Quel bilan tirez-vous des nouveaux protocoles organisationnels ?

Ils sont indispensables pour libérer du temps médical et ainsi réduire les délais d’attente et favoriser la prise en charge de nouveaux patients. C’est le cas du protocole RNO*, entré dans le régime commun en 2018. Il permet aux orthoptistes, salariés ou libéraux, de réaliser un bilan visuel au sein du cabinet dans le cadre du renouvellement ou de l’adaptation des corrections optiques, et ce en l’absence de l’ophtalmologiste et sans demande d’autorisation administrative préalable. Dans les cabinets qui l’ont mis en place, cela a permis de réduire les délais d’attente pour les ordonnances de lunettes de plusieurs mois à 15 jours, tout en maintenant un dépistage médical de la population par la lecture en différé du dossier par l’ophtalmologiste.
Les protocoles ont aussi entraîné une articulation plus fluide de la prise en charge entre l’ophtalmologiste et ses auxiliaires. L’orthoptiste peut désormais effectuer des tâches en amont, pendant et en aval de l’intervention de l’ophtalmologiste, sans passer par une dérogation au décret d’actes des orthoptistes. Le cadre protocolisé a par ailleurs supprimé l’obligation d’ordonnance médicale pour chaque acte orthoptiste réalisé.

Quels protocoles doivent désormais être mis en œuvre ?
Il nous semble déjà prioritaire d’étendre le protocole RNO jusqu’aux patients de 65 ans et non plus 51 ans comme c’est le cas actuellement.
Pour améliorer et fluidifier la prise en charge des patients chroniques stabilisés, de nouveaux protocoles doivent également faciliter le travail entre professionnels exerçant dans différents lieux via la téléexpertise.
Les besoins sont également importants en EHPAD, où de nombreux résidents ne sont plus suivis une fois arrivés au sein de l’établissement. Pour restaurer ce lien avec l’ophtalmologiste, la constitution d’équipes pluridisciplinaires, comprenant à la fois des orthoptistes, des infirmiers, les médecins coordinateurs en EHPAD et des opticiens, doit être envisagée. L’ophtalmologiste effectuerait les analyses de dossiers à distance, à l’exception  des cas où un examen physique s’imposerait.
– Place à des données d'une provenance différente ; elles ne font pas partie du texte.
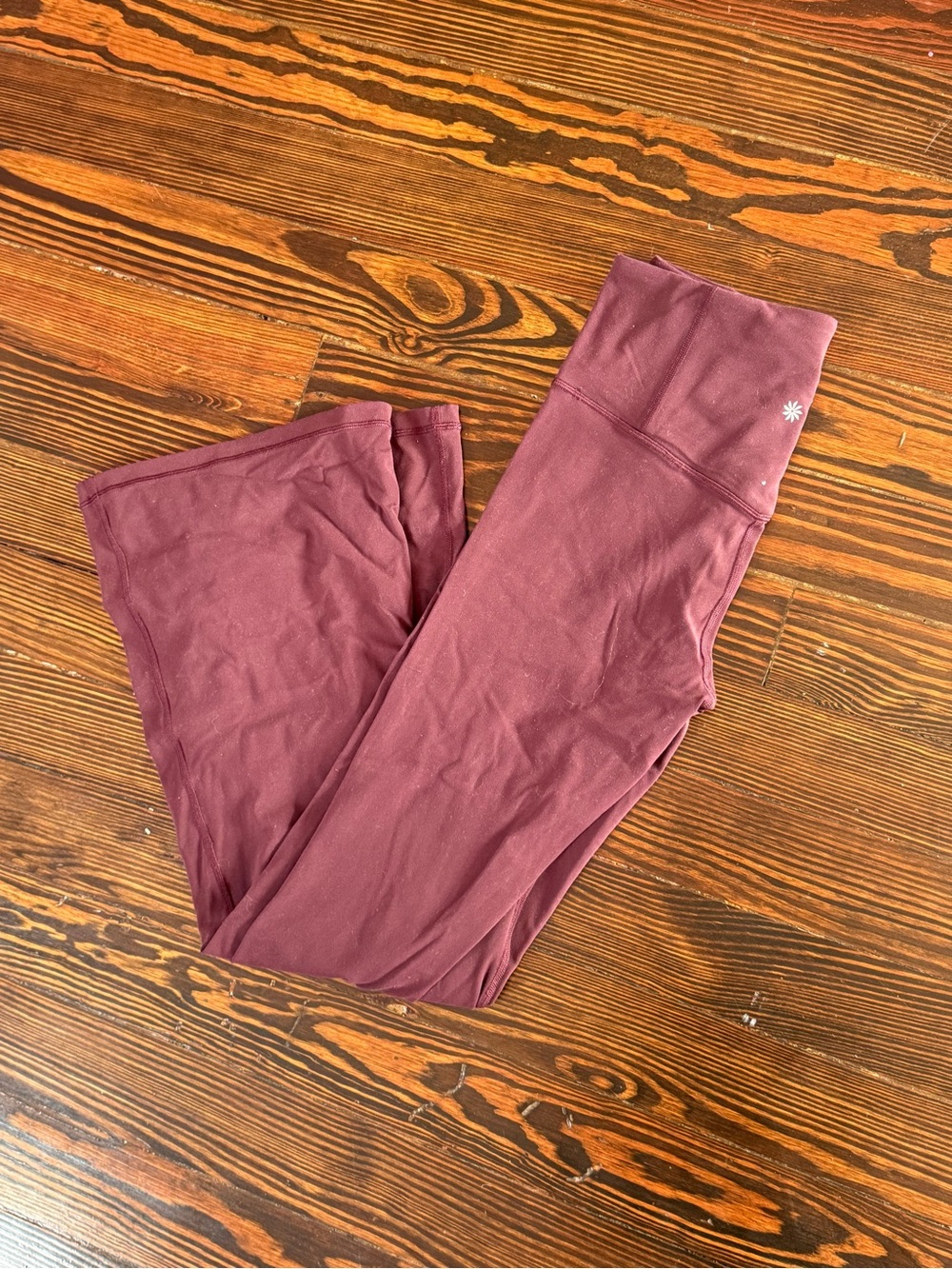 Like New Athleta Elation Flare Pant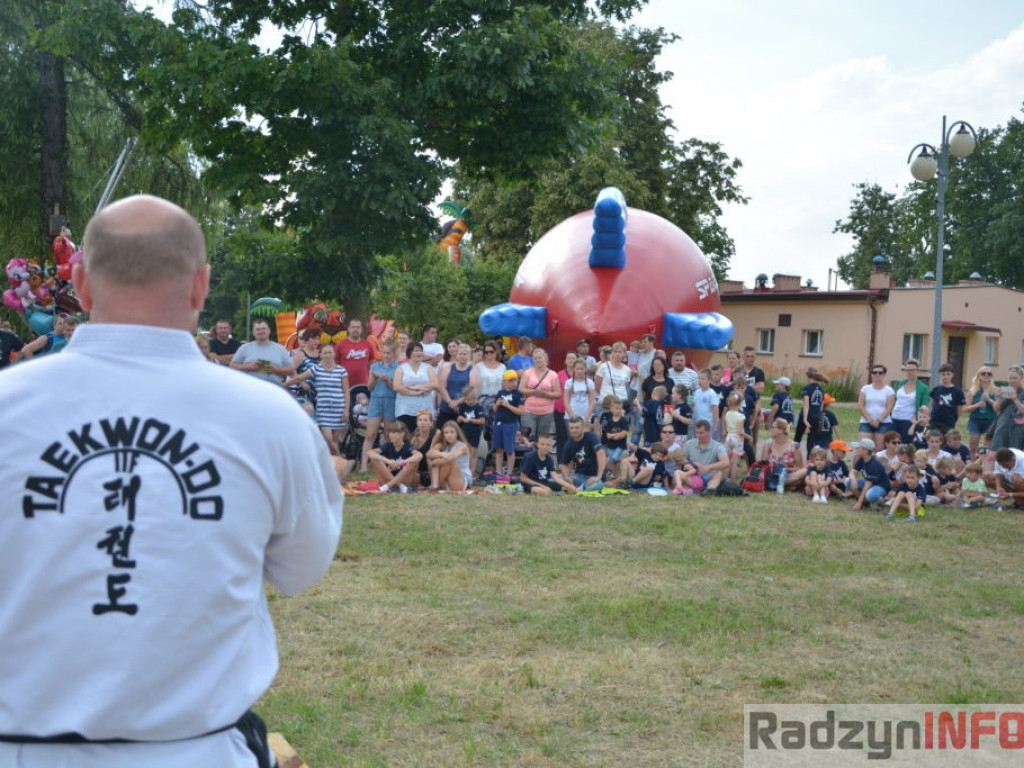Zakończenie sezonu z RSC Taekwon-Do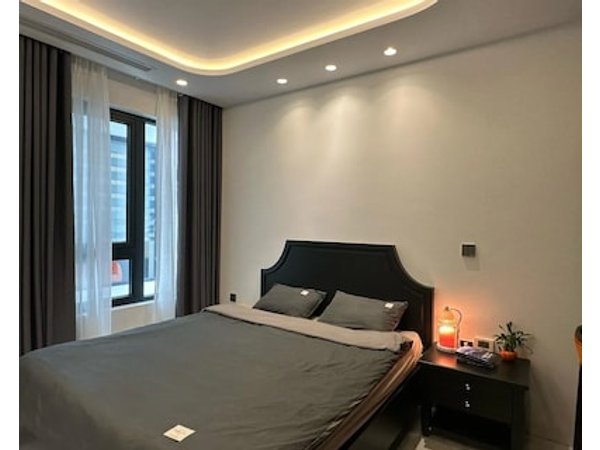The Galaxy Home Doi Can Hotel and Apartment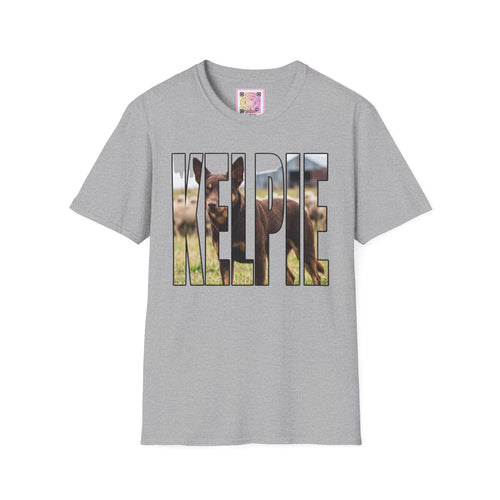 Australian Kelpie Tee Shirt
Quels autres leviers permettront de limiter les délais d’attente ?
Nous attendons avec impatience l’arrivée imminente d’un nouveau système pour favoriser l’exercice multisite des ophtalmologistes.
Mais il est aussi indispensable de former plus de médecins. Avec la présence de 17 % d’ophtalmologistes à diplômes étrangers en France et le succès du cumul emploi-retraite, la profession a enrayé jusqu’ici la chute de sa démographie. Mais les ECN** doivent créer plus de postes que ce qui est prévu aujourd’hui. Au moins 200 postes d’internes annuels sont nécessaires pour répondre aux besoins et il faut maintenir l’effort de formation sur la durée. En parallèle, il est crucial de développer les stages en cabinet libéral pour les internes et les assistants sur l’ensemble du territoire. Nous œuvrons par ailleurs pour développer la prise de rendez-vous en ligne. Nous espérons passer de 40 % à 60% d’ophtalmologistes inscrits sur ces plateformes d’ici à deux ans. Grâce à leur service de confirmation de rendez-vous, elles permettent de réduire les consultations non honorées par les patients. Elles contribuent aussi à libérer du temps de prise en charge en mettant immédiatement en ligne de nouveaux créneaux disponibles en cas de rendez-vous annulés. Ces plateformes offrent également un moyen simple et efficace de créer des plages de consultation pour les demandes nécessitant une réponse rapide ou les patients qui n’ont plus d’ophtalmologiste, après un déménagement par exemple.